ACF is already actively involved in the Logistics, Nutrition, WASH, Food Security and Protection Clusters. It has been a while that we were missing the emergency telecommunications piece. We have a big team working on emergency telecoms and ICT around the world. As with the other clusters, we think there is great benefit in sharing experience and projects in order to gain efficiency in humanitarian operations.
What will ACF bring to the ETC?
ACF operates in 50 countries across the world, so we also have a global network of ICT staff who are already deployed and trained in emergency response.
We have structures in place so in times of disaster we are able to be part of the wider humanitarian response and can support ETC operations. We can share services, share equipment, share infrastructure. We are actually already doing that in some places. In Yemen for example we are hosting an inter-agency ETC security communications repeater on one of our sites.
What do you see as the value of the ETC network?
I think one of the key outputs of the cluster is the ability to build relationships to get to know our counterparts, working on the same topics, with other organisations. The community approach of the clusters is one of the things we think is very powerful.
The collaboration and alliances built through the ETC are key to being more efficient in humanitarian operations. We can see it in emergencies, for example. When we go with the same people, with counterparts that we know, we can quickly take decisions because the trust is already there, the ways of working have already been developed, and the communications channels are open. With this, we can be very very efficient. This long-term relationship construction needs to be developed outside of emergency response.
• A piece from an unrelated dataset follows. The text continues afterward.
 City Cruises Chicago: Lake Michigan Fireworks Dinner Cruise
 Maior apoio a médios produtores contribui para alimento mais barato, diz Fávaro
Preparedness is fundamental to emergency response, and we are working with the ETC already on the ETC2020 Preparedness Tactical Working Group. As it is true for the network to build relationships, it is also very important to test and use ICT assets before emergency. I also think a link with the Logistics Cluster and other inter-cluster coordination groups would be really interesting to work on preparedness, see what are the different scenarios are and how we can all work together.
Joint advocacy is something we are hoping to be a part of, and contribute to, with the ETC. Together we have a stronger voice. Internet connection and satellite connectivity can be extremely expensive, for example, but it is essential for information-sharing, and information-sharing is a key asset for life-saving and to make emergency response efficient. Money spent on internet or satellite connection is money not put into humanitarian aid. As part of the cluster, we can meet with the private sector, have open discussion on these areas.
We also see the ETC as an enabler of Innovation. The ETC has close relationships with private sector forums which are also researching, innovating, and developing solutions. The ETC can help channel and filter the best technology solutions to be presented to humanitarian actors, for us to discover new and appropriate innovations.